20101015 reuters
UNITED NATIONS (Reuters) - The U.N. peacekeeping mission in the Democratic Republic of the Congo aims to boost its presence in the vast nation's turbulent east, but it can never protect everyone there without more troops and resources, a senior U.N. official said on Friday.
Roger Meece, head of the U.N. force in Congo known as MONUSCO, was responding to criticism from the international aid organization Oxfam, which said that MONUSCO can and should do more to assist civilians in areas where Uganda's Lord's Resistance Army (LRA) operates.
"We are looking at what we can do to establish a presence and a greater response capability" in LRA areas, Meece told reporters. "Obviously one of the restraints that we have is ... the forces we have available to us."

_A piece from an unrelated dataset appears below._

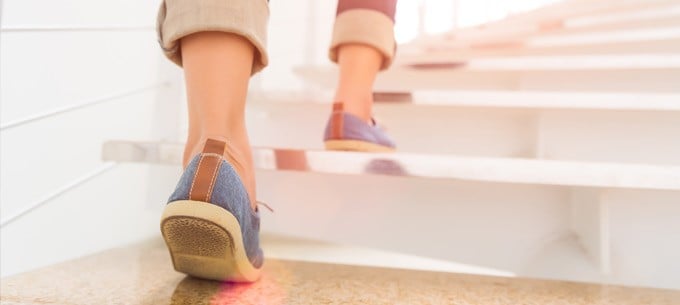 Somebody walking up a staircase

MONUSCO, the world's biggest U.N. force with some 18,000 troops, is "pursuing actions as rapidly as possible," he said.
Earlier Meece told the U.N. Security Council that MONUSCO supports "regional efforts" to deal with the LRA. But he made clear that without more troops and resources, it could never protect all people in Congo's turbulent east.
"In this vast area, larger than Afghanistan, it is not possible for MONUSCO to ensure full protection for all civilians," he told the 15-nation council. "To approach this goal would require vastly greater force levels and resources."
Meece said more than 15,000 people were raped in eastern Congo last year.